▸ **SUPPLIED ENTRIES**
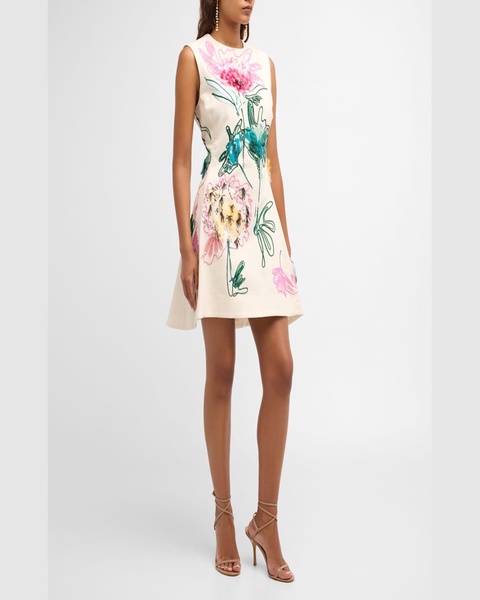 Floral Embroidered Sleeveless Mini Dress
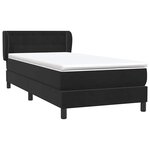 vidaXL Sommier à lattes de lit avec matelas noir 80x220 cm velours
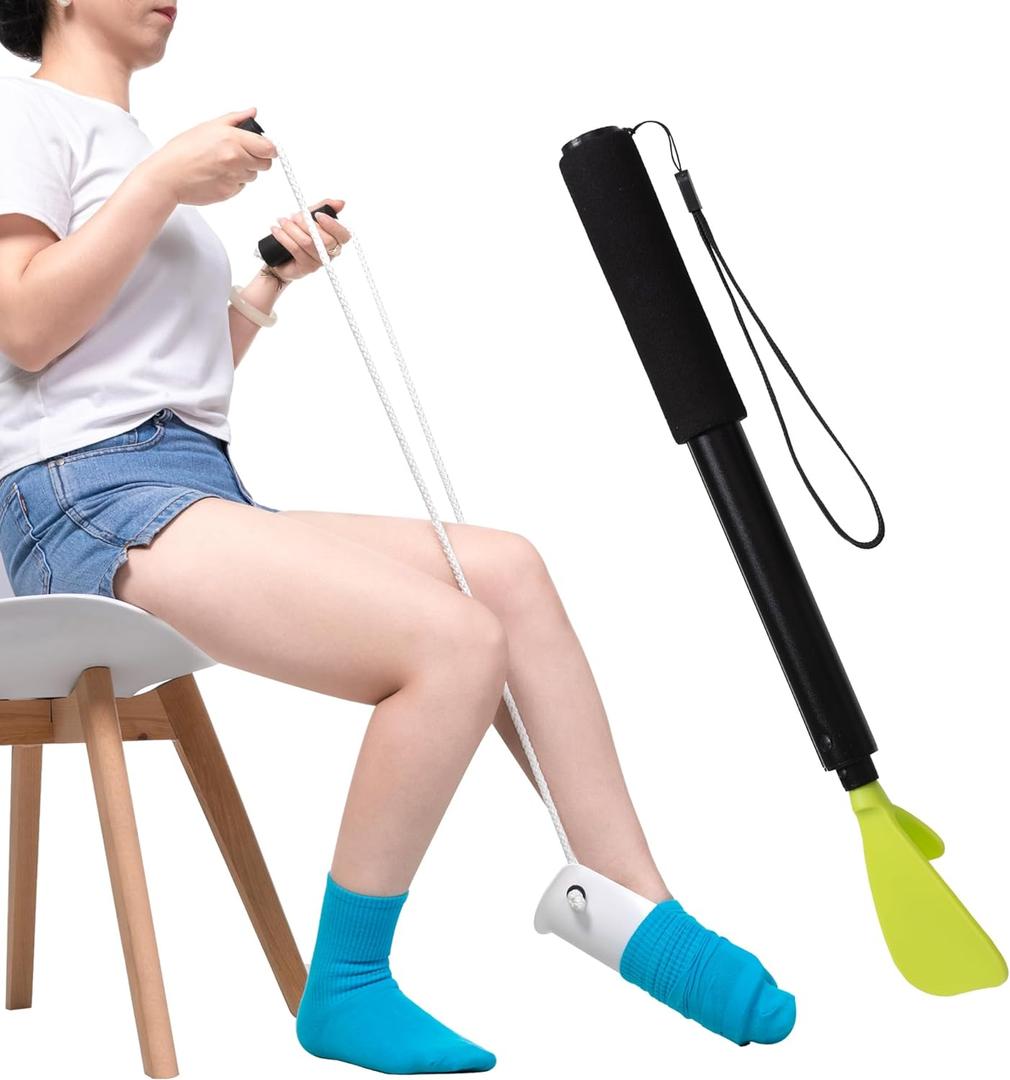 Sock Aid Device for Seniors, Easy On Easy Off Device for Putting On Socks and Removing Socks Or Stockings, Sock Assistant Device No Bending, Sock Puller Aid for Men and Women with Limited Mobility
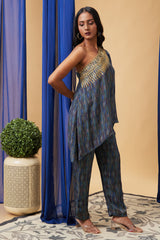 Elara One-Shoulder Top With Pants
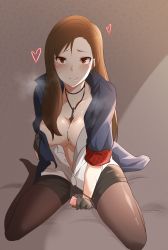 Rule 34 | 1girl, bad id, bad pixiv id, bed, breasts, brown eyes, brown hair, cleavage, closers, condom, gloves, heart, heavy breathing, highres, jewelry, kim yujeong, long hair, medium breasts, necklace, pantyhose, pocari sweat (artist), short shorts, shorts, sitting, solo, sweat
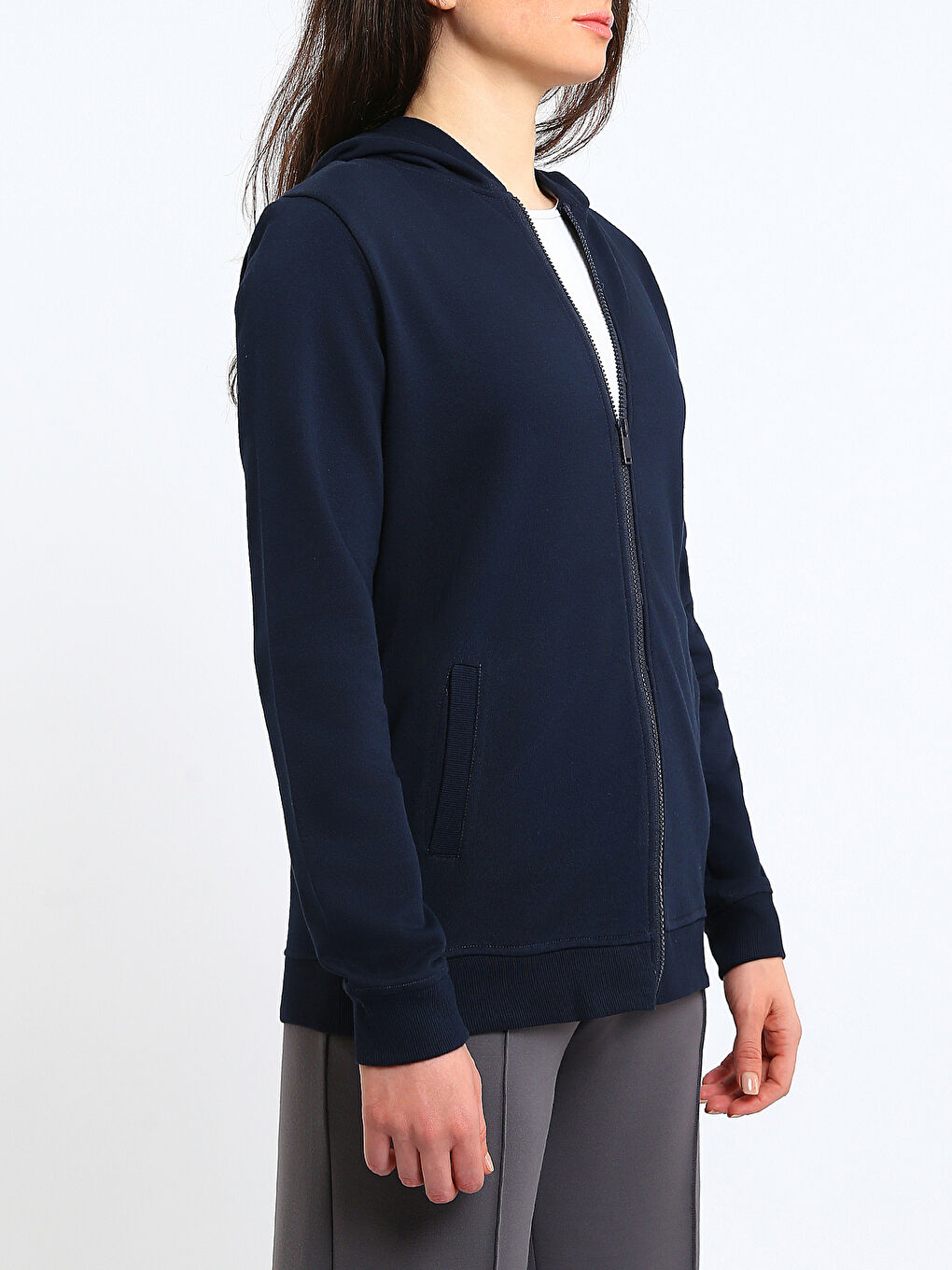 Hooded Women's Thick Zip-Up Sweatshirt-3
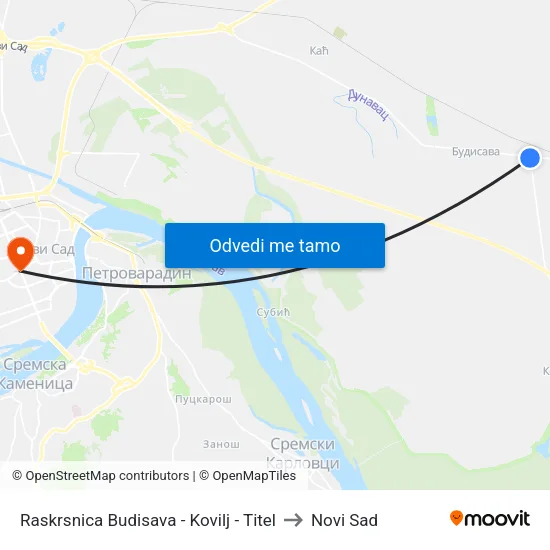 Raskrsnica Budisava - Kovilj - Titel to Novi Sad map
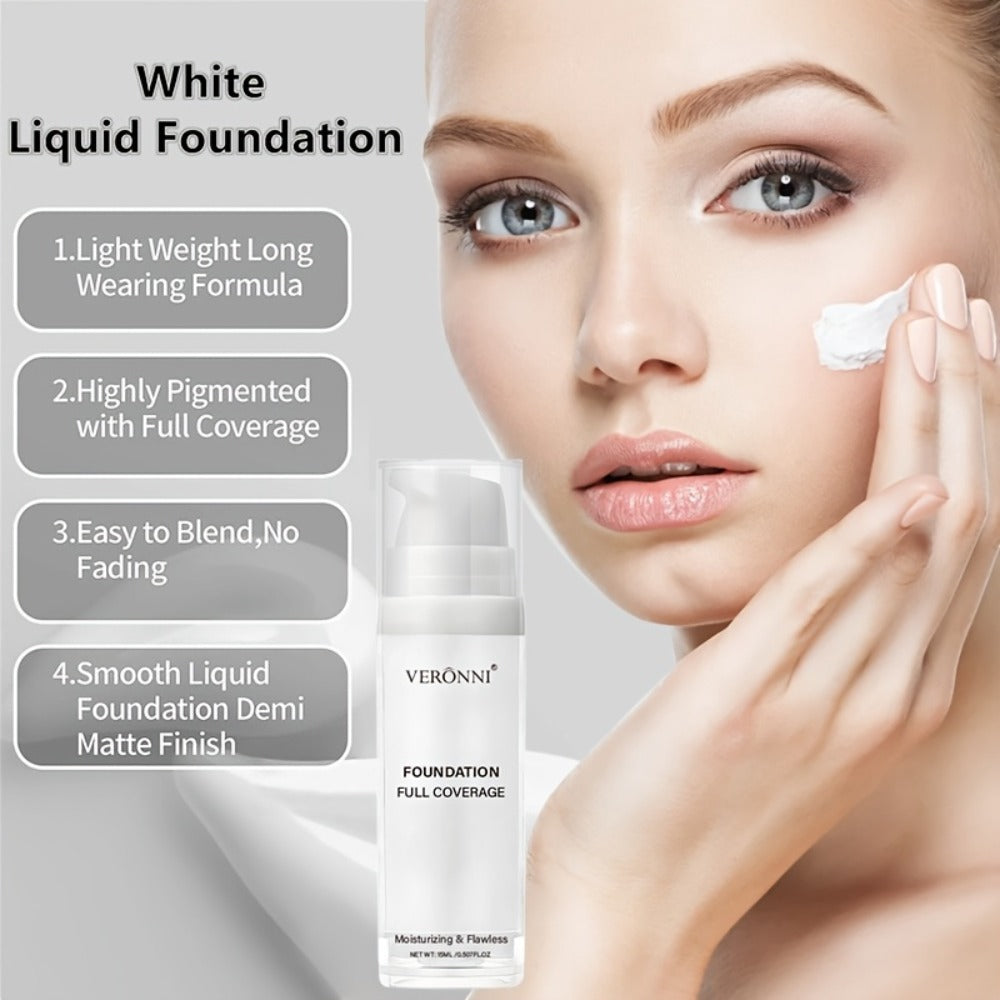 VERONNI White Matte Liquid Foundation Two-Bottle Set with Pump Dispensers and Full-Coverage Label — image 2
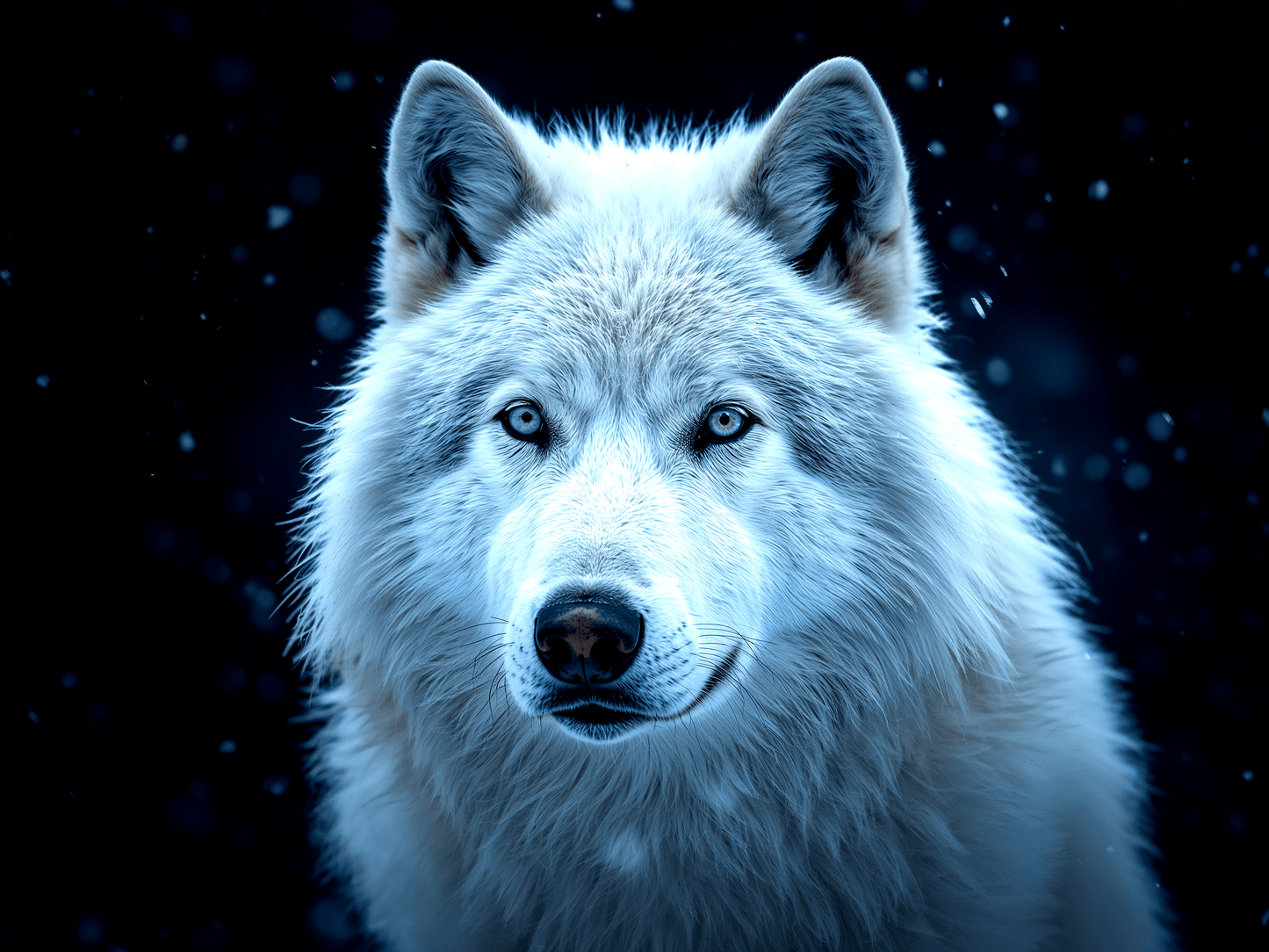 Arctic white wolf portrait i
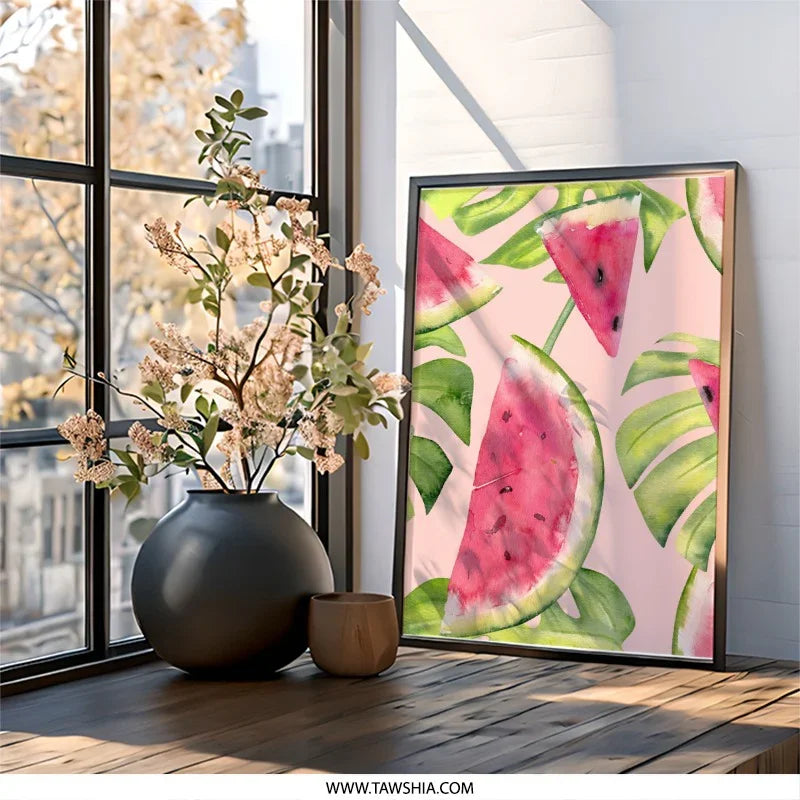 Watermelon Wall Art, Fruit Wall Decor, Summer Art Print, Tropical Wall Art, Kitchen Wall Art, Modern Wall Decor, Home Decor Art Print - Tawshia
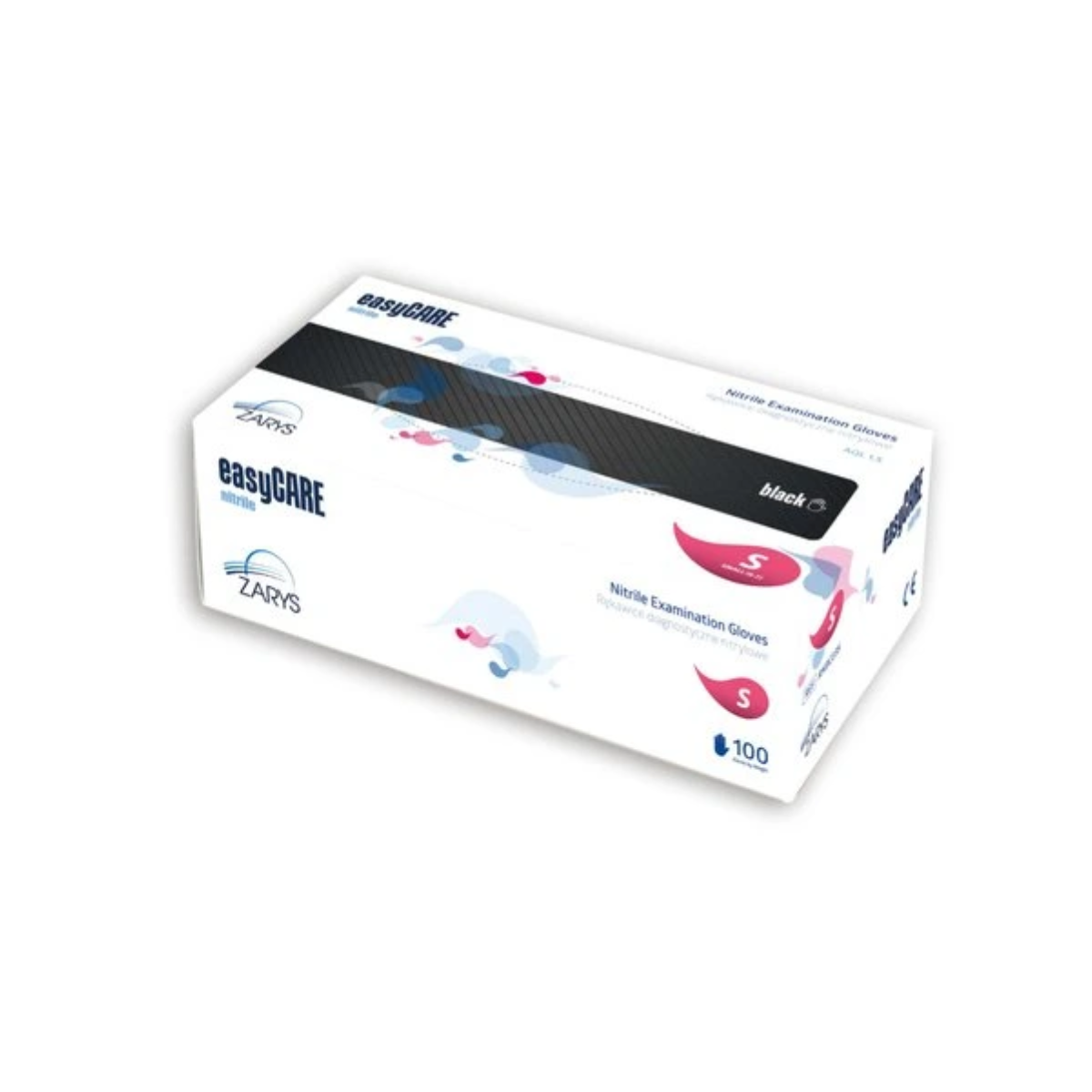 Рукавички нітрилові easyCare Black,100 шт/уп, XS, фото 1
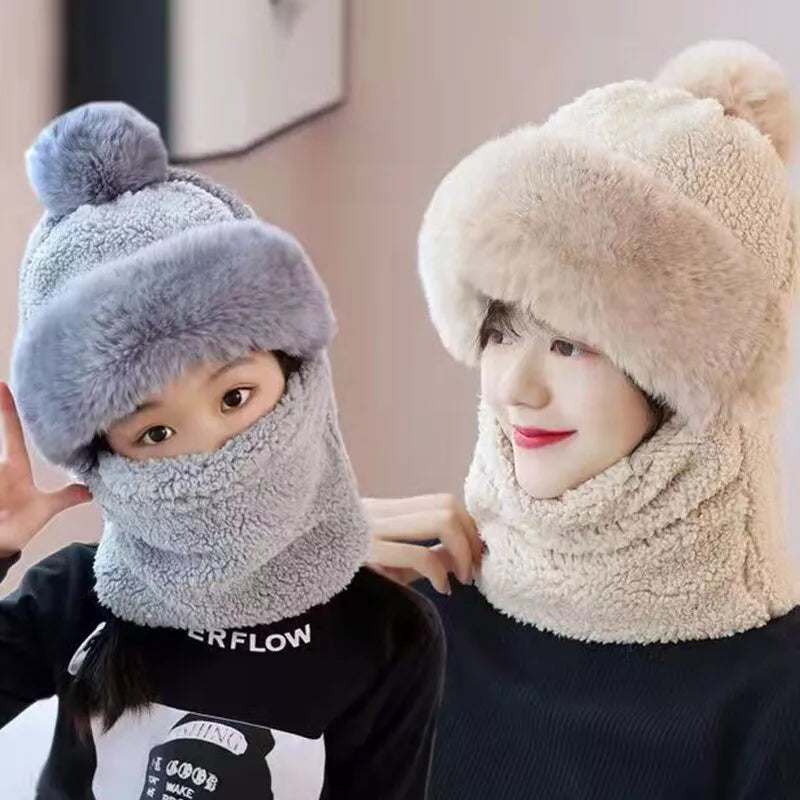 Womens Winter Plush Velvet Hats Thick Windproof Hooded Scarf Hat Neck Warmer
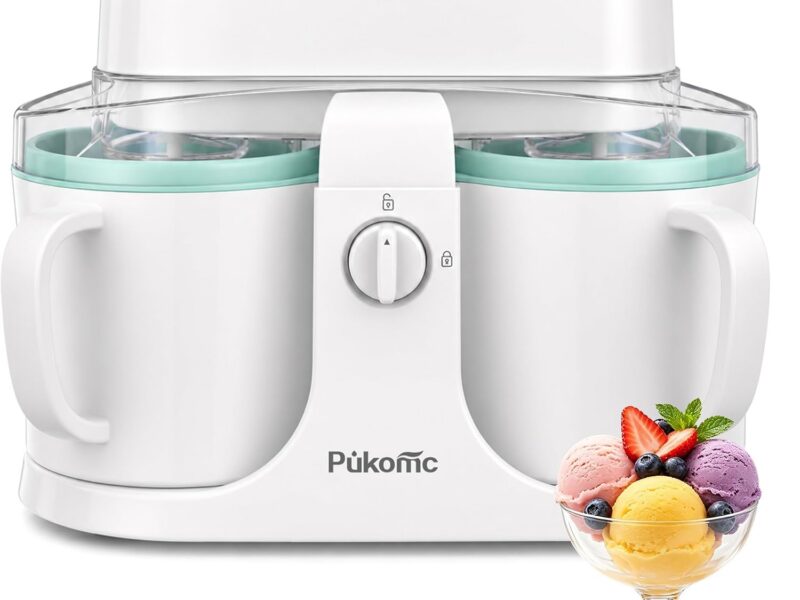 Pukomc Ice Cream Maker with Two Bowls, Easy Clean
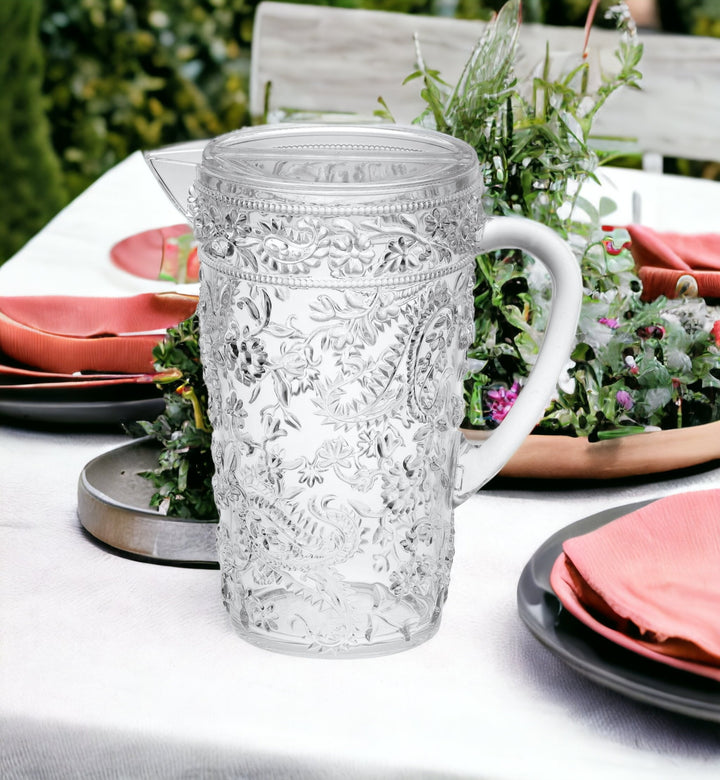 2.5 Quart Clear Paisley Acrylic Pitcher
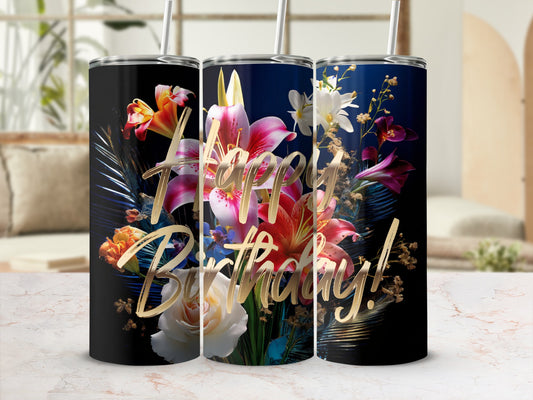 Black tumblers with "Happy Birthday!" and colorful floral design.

▸ **WHAT YOU WILL DO**
Set down the line containing "Pukomc Ice Cream", then every later line through the end of the material, exactly as written; omit any picture.

▸ **RESULT BELOW**
 Pukomc Ice Cream Maker with Two Bowls, Easy Clean
 2.5 Quart Clear Paisley Acrylic Pitcher
 Black tumblers with "Happy Birthday!" and colorful floral design.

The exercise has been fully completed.